A capital protection oriented fund (CPOF) is a closed-ended debt mutual fund that aims to invest a significant amount of money in top-rated fixed income instruments and rest in equities. The tenure of the scheme can be one, three or five years. This investment along with the interest would ensure that the investor gets his capital back on maturity. The modest equity component is expected to be the icing on the cake.


Assume there is a three-year CPOF. The fund manager gets 8% interest per year on three-year AAA-rated papers. Around 80% of the money deployed in such AAA-rated papers ensures that investors get their money at the end of the third year, as interest on these investments accumulate. According to CRISIL default study 2011, from 1988 to 2011, no AAA-rated instrument defaulted over one-, two- or three-year period. This makes a strong case that the money comes back to investors at the end of the third year. Rest 20% of money is invested in equities. If over three years this investment appreciates 20%, the portfolio value becomes 124 (fixed income portfolio worth 100 plus equity portfolio of 24) over three years, a CAGR of 7.43%. If equity investment doubles over the three-year period, investors take home 40% point-to-point return, or a CAGR of 11.87%.


As the tenure of the scheme increases, allocation to equities also goes up as less money is required to ensure the capital at the end of the tenure, compared to a scheme with a shorter tenure.

Should You Invest?

Markets have been range bound with downward bias for the past couple of years. Most of the negatives are already in the price. The attractive valuations of Indian equities make good investment case with a three-year view. If you are keen on investing in stocks, but really worried about the downside risk, you can consider investing in a capital protection oriented fund. These funds make sense for risk-averse investors looking for options to invest in equities, provided they are willing to remain invested throughout the term of the scheme.

Downside

But capital protection oriented funds have some disadvantages as well. Being a closed-ended scheme, it is listed on the stock exchange and there is little chance that you will get to exit at fair value because of the poor liquidity of most such products listed on the exchanges. The second big disadvantage is that these funds are taxed like debt mutual funds. Long term capital gains are taxed at 10.3% without indexation or 20.6% with indexation, whichever is lower. Also, according to mutual fund experts, the performance of these schemes has been a mixed bag. There are 45 capital protection oriented funds across 11 fund houses listed on the stock exchanges.

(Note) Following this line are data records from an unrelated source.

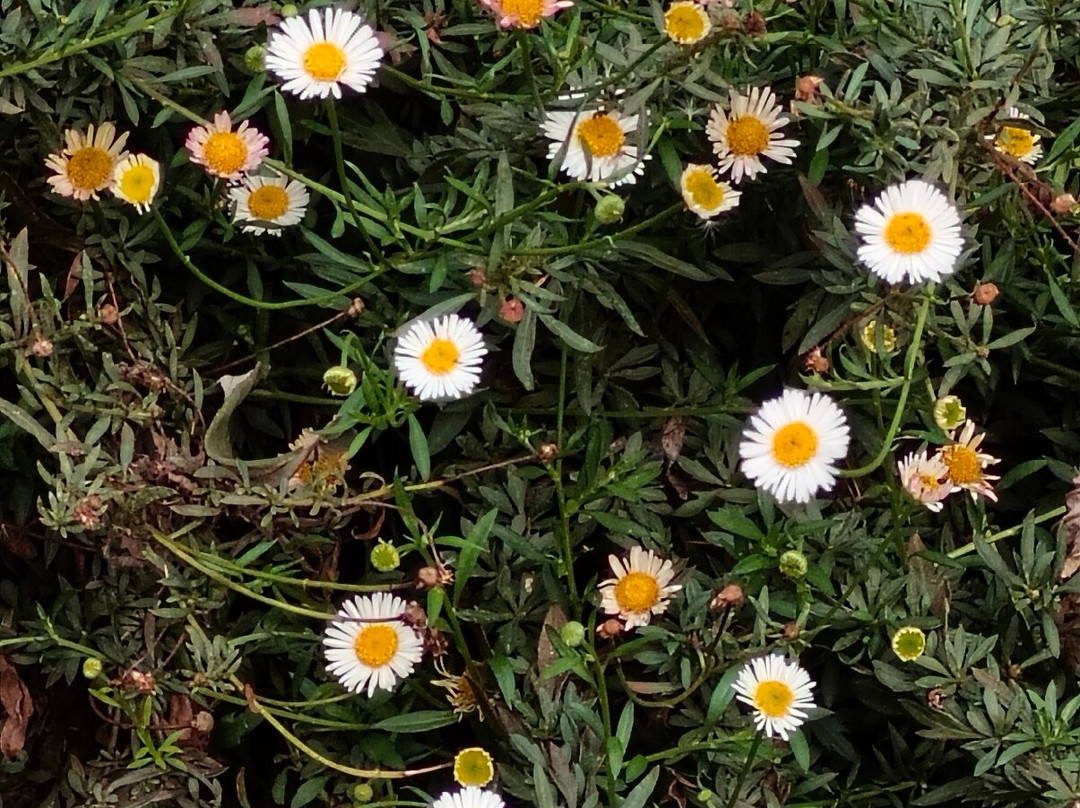 雅靠芒果山酒店主图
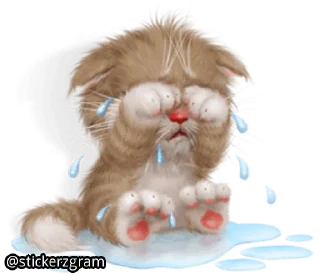 Телеграм стикер 😢 @englishchatz Meow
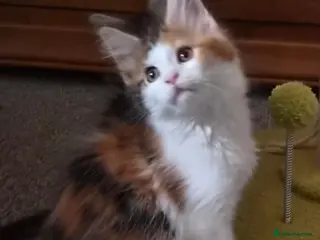 Maine Coon cats Beautiful Mainecoon kittens - Advert 12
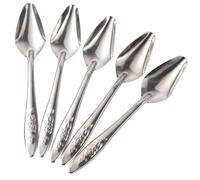 TOBBOMEY 5Pcs Stainless Steel Bird Feeding Spoon Large Portable Parrot Feeder Spoon for Milk Medicine Feeding Suitable for Parakeets Parrots and Small Birds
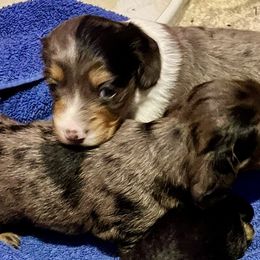 Chihuahuas and Dachshunds from Bartelt Breeders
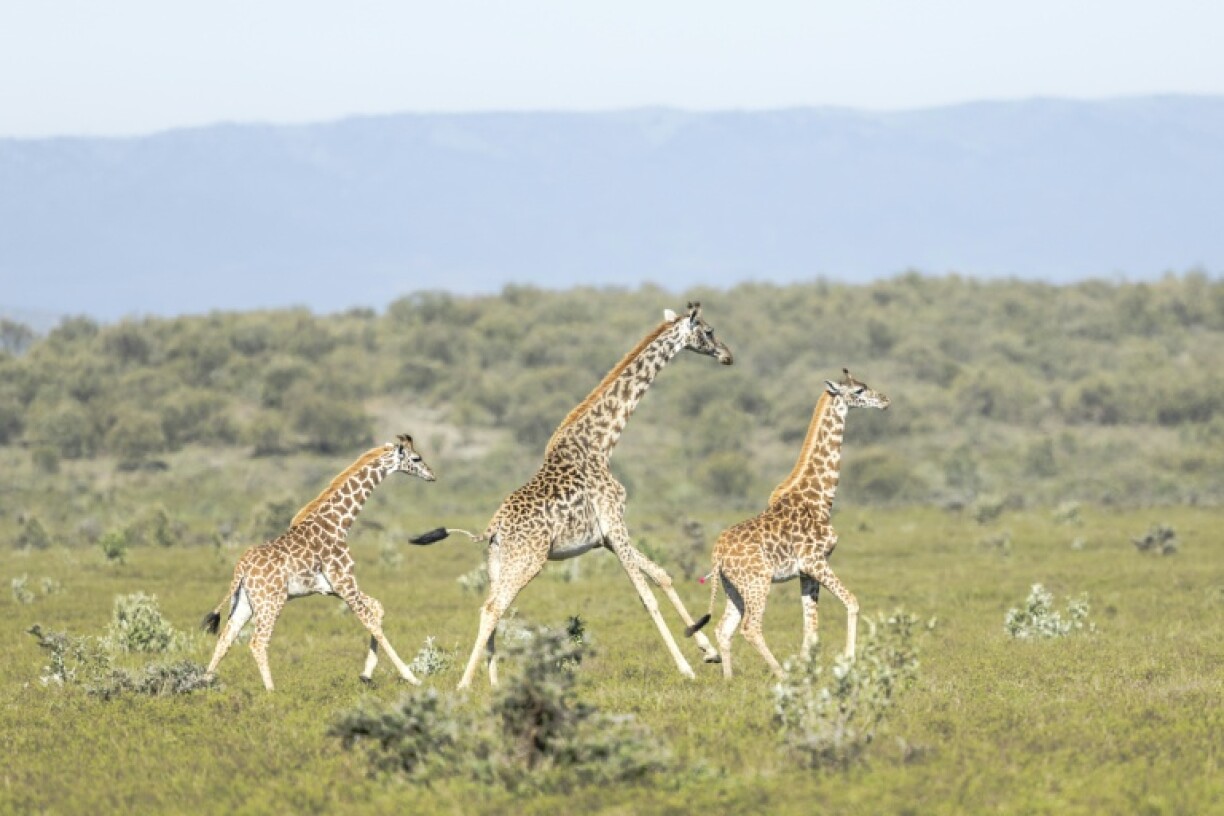 An adult and two juvenile Masai giraffes sprint across the savannah after one is darted with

If you do it yourself, you need not sacrifice liquidity all together and can bring down the tax impact, too. You can pick up a combination of three-year fixed maturity plan from a reputed fund house and an equity fund with good track record. Decide your extent of investment in the FMP by looking at the prevailing yields for that tenure and invest the rest in equities. For example, in case of the three-year tenure, if the yield for the three-year paper is around 8%, you should put 80% of your corpus in FMP. For 7% and 9% the share of FMP should be 82% and 77% in your money. Rest of the money goes into an equity fund. Here the tax impact will be lower than CPOF, but money invested in the FMP won't be liquid. If you are in the lowest tax bracket, you can also consider investing in a combination of a bank fixed deposit and an equity fund. But if you don't have time to zero in on the right schemes and find mathematics difficult, opt for a CPOF.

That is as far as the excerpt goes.